[webui] Scalability fixes for the task timeline and visualizations #935

ericl · 2017-09-06T02:21:54Z

This PR ensures web ui responsiveness (#933) by adding a hard cap on the number of tasks returned (10000).

You can test with the following snippet which launches one million tasks locally. The UI should respond fluidly in all the visualizations except the timeline, which still should update within about 10 seconds.

import time
import ray

@ray.remote
def f(x):
    return x

print("Launching tasks")

ray.init()
for x in range(1000000):
    y = f.remote(x)
ray.get(y)
print("Done")

time.sleep(99999999)

cc @alanamarzoev @robertnishihara

ericl · 2017-09-06T02:22:33Z

python/ray/experimental/state.py

@@ -562,8 +571,10 @@ def micros(ts):
        def micros_rel(ts):
            return micros(ts - start_time)

-        task_profiles = self.task_profiles(start=0, end=time.time())


This was performing an unnecessary full table scan.

ericl · 2017-09-06T02:22:41Z

python/ray/experimental/state.py

@@ -562,8 +571,10 @@ def micros(ts):
        def micros_rel(ts):
            return micros(ts - start_time)

-        task_profiles = self.task_profiles(start=0, end=time.time())
-        task_table = self.task_table()


This was also a full table scan. The replacement is slower when the number of tasks is small, but has a bounded worst case latency.

There is actually a way to get the best of both worlds with the SCAN [1] class of functions from redis (I guess that's what you mean with the TODO above, do you want to make it a little more precise?)

[1] https://redis.io/commands/scan

SCAN is still O(n), but MGET is bounded by the limit. I think the refactoring is a bit nontrivial but I updated the TODO.

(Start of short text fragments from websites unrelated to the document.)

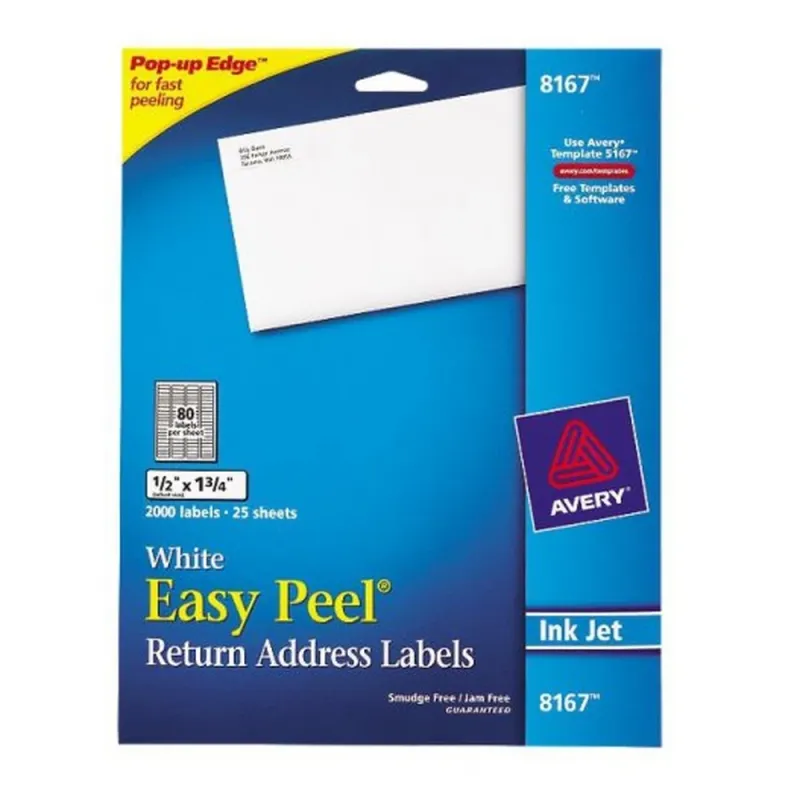 Etiqueta Permanente Avery 8167 - 1.27 x 4.4 cm - InkJet - 80 Etiquetas por Hoja - 2000 Etiquetas - 8167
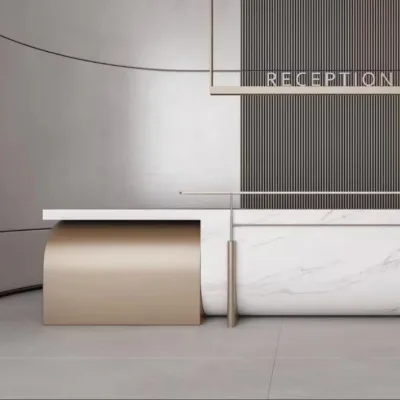 3D Car Paint Combined with Stainless Steel High-Gloss Light-Luxury Modern Reception Desk Design Multifunctional Materials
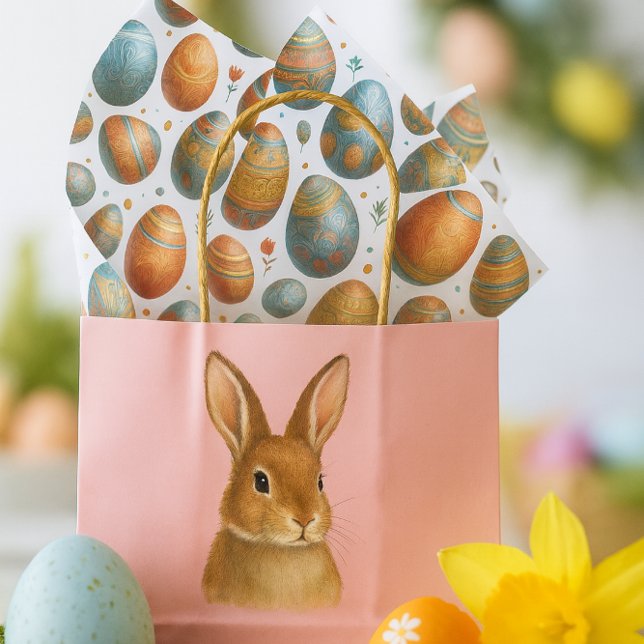 Oster-Ei-Muster Feiertag  Seidenpapier (Easter gift bag with vintage Easter egg pattern on white tissue paper. )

You are right, sounds good!

ericl · 2017-09-06T02:23:17Z

python/ray/experimental/state.py

-                                                       ["ParentTaskID"]]
-                                          ["get_arguments_start"]),
+                        "ts": micros_rel(
+                            parent_profile and


With truncation it's possible we don't have some parent profiles. We are just ignoring them for now.

pcmoritz · 2017-09-06T02:39:05Z

python/ray/experimental/state.py

@@ -419,17 +422,25 @@ def task_profiles(self, start=None, end=None, num_tasks=None, fwd=True):
        task_info = dict()
        event_log_sets = self.redis_client.keys("event_log*")

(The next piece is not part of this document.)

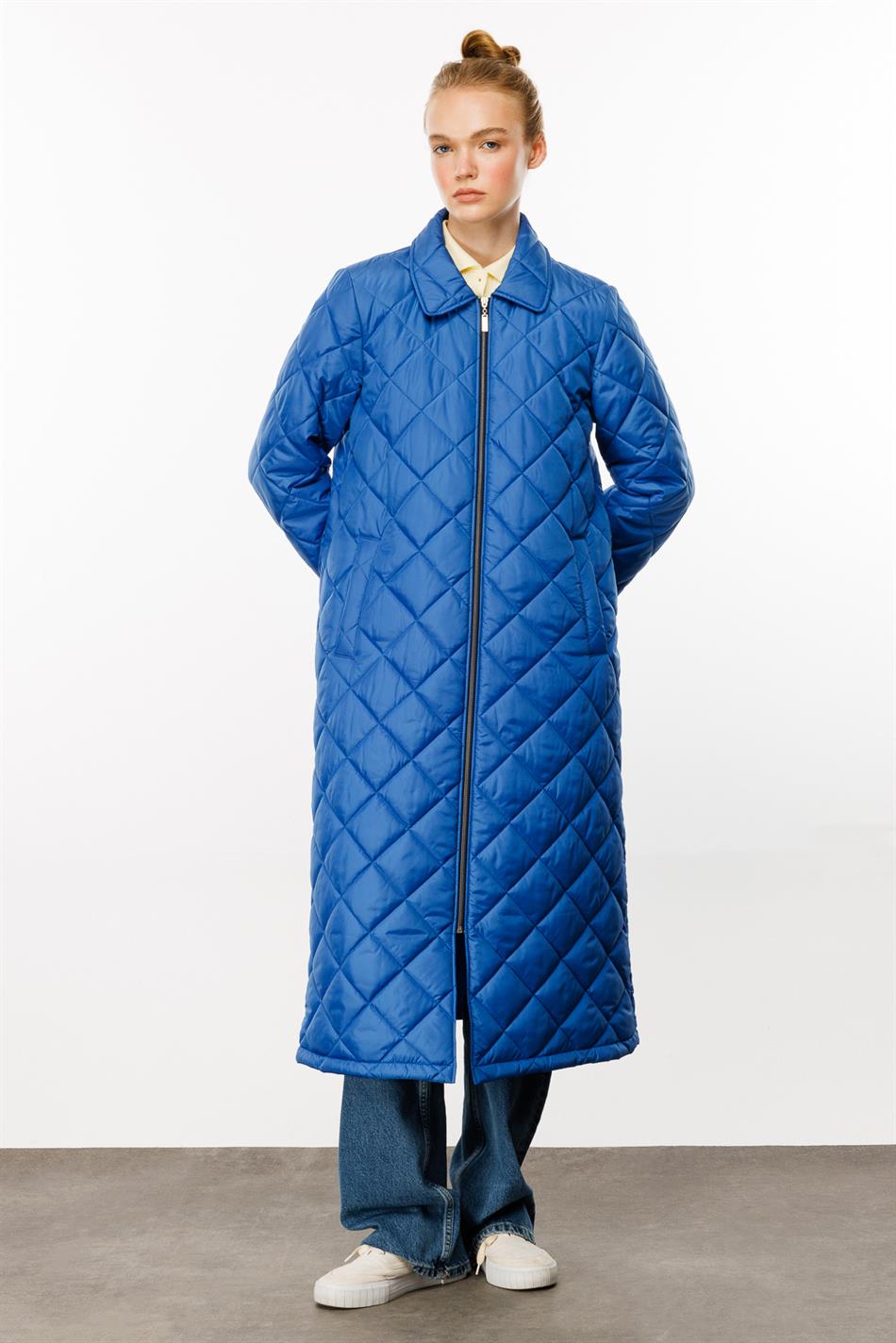 Parijs Light Fiber Geïsoleerde Jas Lente Cap Topper-Blauw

+        if num_tasks is None:


This code should not be part of the GlobalState API and rather num_tasks should be passed in from the webui

AmplabJenkins · 2017-09-06T02:41:31Z

Merged build finished. Test PASSed.

AmplabJenkins · 2017-09-06T02:41:32Z

Test PASSed.
Refer to this link for build results (access rights to CI server needed):
https://amplab.cs.berkeley.edu/jenkins//job/Ray-PRB/1782/
Test PASSed.

AmplabJenkins · 2017-09-06T03:10:34Z

Merged build finished. Test PASSed.

AmplabJenkins · 2017-09-06T03:10:34Z

Test PASSed.
Refer to this link for build results (access rights to CI server needed):
https://amplab.cs.berkeley.edu/jenkins//job/Ray-PRB/1783/
Test PASSed.

ericl · 2017-09-08T08:41:26Z

Looks like these are broken tests, I'll take a look tomorrow.

AmplabJenkins · 2017-09-08T17:40:44Z

Merged build finished. Test PASSed.

AmplabJenkins · 2017-09-08T17:40:44Z

Test PASSed.
Refer to this link for build results (access rights to CI server needed):
https://amplab.cs.berkeley.edu/jenkins//job/Ray-PRB/1796/
Test PASSed.

AmplabJenkins · 2017-09-09T04:16:25Z

Merged build finished. Test PASSed.

AmplabJenkins · 2017-09-09T04:16:26Z

Test PASSed.
Refer to this link for build results (access rights to CI server needed):
https://amplab.cs.berkeley.edu/jenkins//job/Ray-PRB/1800/
Test PASSed.

ericl · 2017-09-10T05:20:53Z

@pcmoritz looks like tests are passing. One of the travis builds was cancelled but I don't see failures.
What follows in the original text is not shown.